Meriwether Lewis commanded the most important exploration mission in the early history of the United States. Clay S. Jenkinson takes a fresh look at Lewis, not to offer a paper cutout hero but to describe and explain a hyperserious young man of great complexity who found the wilderness of Upper Louisiana as exacting as it was exhilarating.
Jenkinson sees Lewis as a troubled soul before he left St. Charles, Missouri, in May 1804. His experiences in lands "upon which the foot of civilized man had never trodden" further fractured his sense of himself. His hiring William Clark as his "partner in discovery" was, Jenkinson shows, the most intelligent decision he ever made. When Clark was nearby, Lewis's leadership was stable and productive. When Clark was absent and thus unable to provide a calming influence on his mercurial friend, Lewis tended to get into trouble. Jenkinson argues that if Clark had been with Lewis on the Natchez Trace, the governor of Upper Louisiana would not have killed himself. Jenkinson sees Lewis's 1809 suicide not as an inexplicable mystery, but the culmination of a series of pressures that extend back to the expedition and perhaps even earlier.

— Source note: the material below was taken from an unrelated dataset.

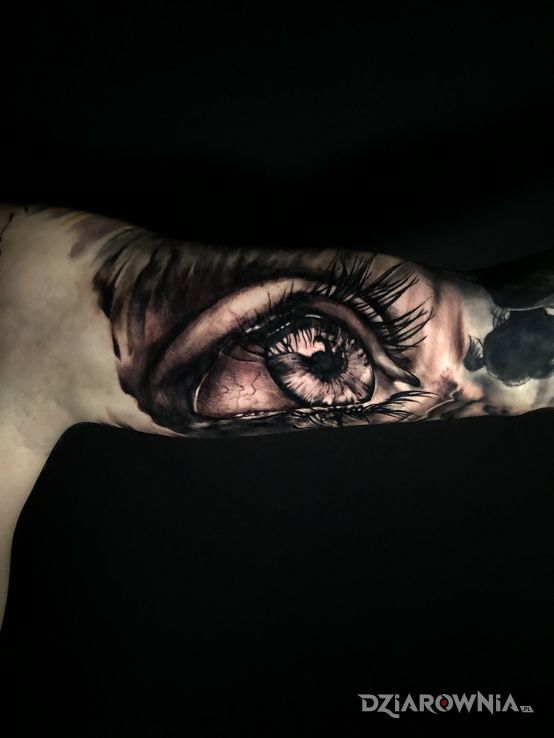 Tatuaż eye w motywie czarno-szare i stylu realistyczne na ramieniu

The Character of Meriwether Lewis: Explorer in the Wilderness is a revision of an earlier book, greatly expanded with new scholarship and insights gained through Jenkinson's extensive participation in the Lewis and Clark Expedition Bicentennial. Jenkinson discusses Lewis's sense of humor, his oft-stated fear that the expedition he was leading might collapse, his self-conscious learnedness, and his inability to re-enter "polite society" after his return. The book attempts to reconstruct from Lewis's journal entries and letters his rich, troubled personality and his aspirations to heroism. When the American mythology surrounding him is removed and Lewis is allowed to reveal himself, he emerges as a fuller, more human, and endlessly fascinating explorer.